(Input material begins)

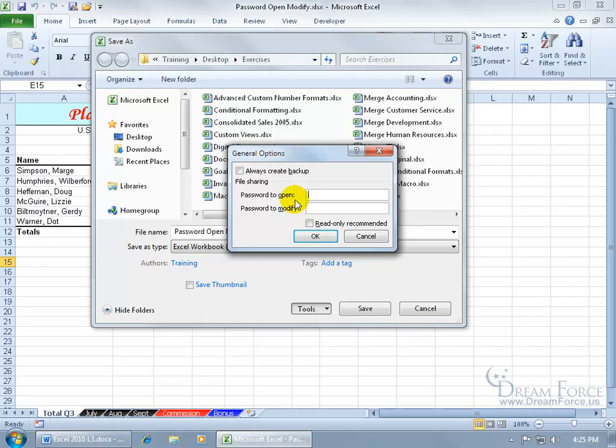So you have to have a password to open. Once it opens, they can either do a read only where they can't make any changes. Well, they can, but they just can't save it and overwrite the original document. Or if they have the password to modify it, then they can go ahead and make all the changes and overwrite the original document.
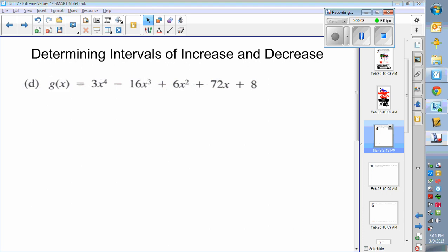Hi there. Here's my second video on determining intervals of increase and decrease. In this video the derivatives are not really any harder — we do have another chain rule coming up — but solving them is going to be a little more difficult. Solving the first one requires synthetic division, and the second one has some radicals, common factors, and lots of good old fun.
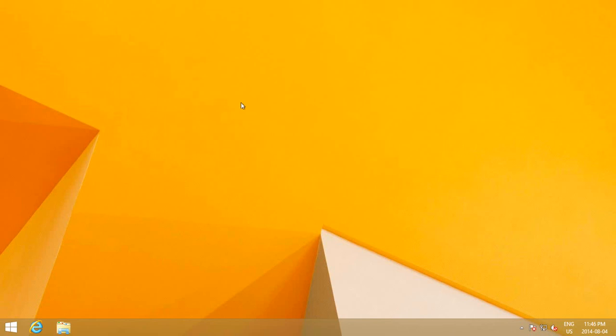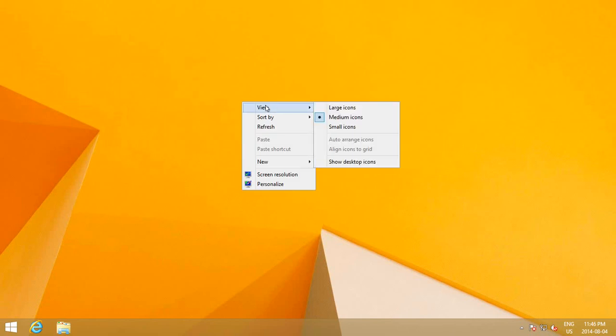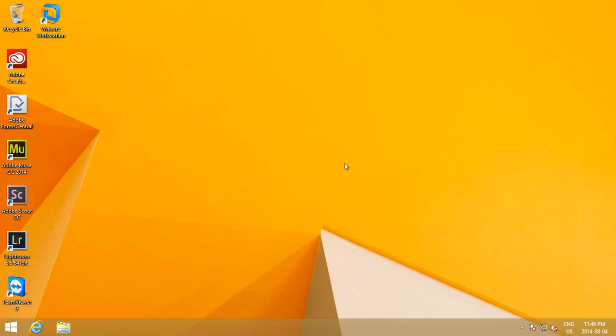What you're going to do is right-click and go to View, and then go down here and make sure that there's a checkmark beside Show Desktop Icons. All your icons should reappear on your desktop.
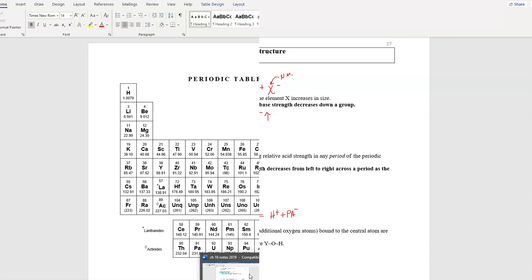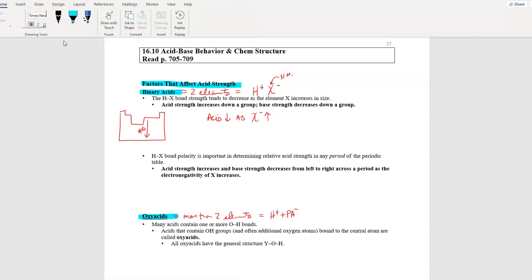Acid strength increases down a group; for bases we care about the metal side — base strength increases going up. H-X bond polarity, the uneven distribution of electrons — the more uneven it is, the more polar — is important to determine relative acid strength in any period. So this is the group trend versus the period trend.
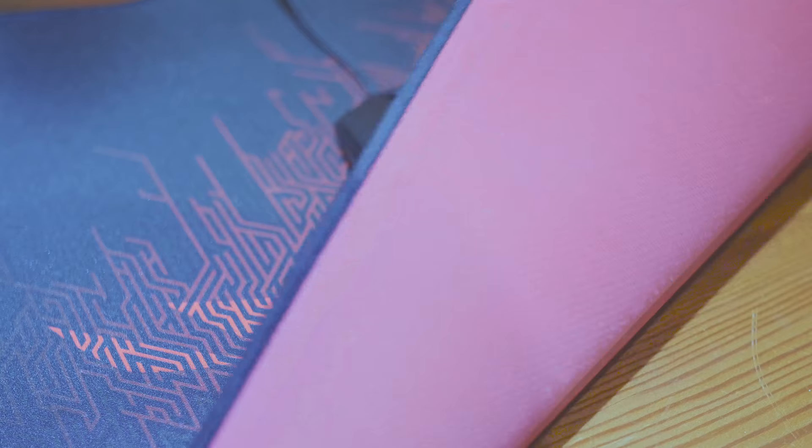Thanks for watching this review on Discharged Networks, don't forget to comment and subscribe for more videos like this.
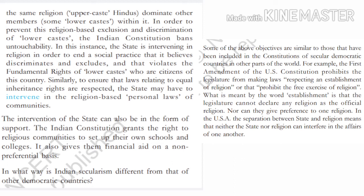In what way is Indian secularism different from that of other democratic countries? Bharatiya dharma nirpekshata dusre loktantrik deshon ki dharma nirpekshata se kis tarah alag hai?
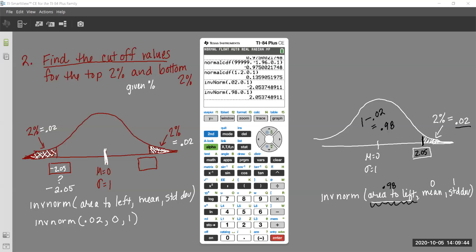A way to catch yourself: when you're done, look at your picture and make sure the number makes sense. If you put in 0.02 for the right-side cutoff, you'd get a negative — and you'd realize negative numbers aren't to the right of 0. Look at the numbers along the number line and make sure they make sense.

(Input material ends)

Instructions for the task: Could the entries above be written out word for word, pictures excluded?

Solution:
So you have to have a password to open. Once it opens, they can either do a read only where they can't make any changes. Well, they can, but they just can't save it and overwrite the original document. Or if they have the password to modify it, then they can go ahead and make all the changes and overwrite the original document.
Hi there. Here's my second video on determining intervals of increase and decrease. In this video the derivatives are not really any harder — we do have another chain rule coming up — but solving them is going to be a little more difficult. Solving the first one requires synthetic division, and the second one has some radicals, common factors, and lots of good old fun.
What you're going to do is right-click and go to View, and then go down here and make sure that there's a checkmark beside Show Desktop Icons. All your icons should reappear on your desktop.
Acid strength increases down a group; for bases we care about the metal side — base strength increases going up. H-X bond polarity, the uneven distribution of electrons — the more uneven it is, the more polar — is important to determine relative acid strength in any period. So this is the group trend versus the period trend.
Thanks for watching this review on Discharged Networks, don't forget to comment and subscribe for more videos like this.
In what way is Indian secularism different from that of other democratic countries? Bharatiya dharma nirpekshata dusre loktantrik deshon ki dharma nirpekshata se kis tarah alag hai?
A way to catch yourself: when you're done, look at your picture and make sure the number makes sense. If you put in 0.02 for the right-side cutoff, you'd get a negative — and you'd realize negative numbers aren't to the right of 0. Look at the numbers along the number line and make sure they make sense.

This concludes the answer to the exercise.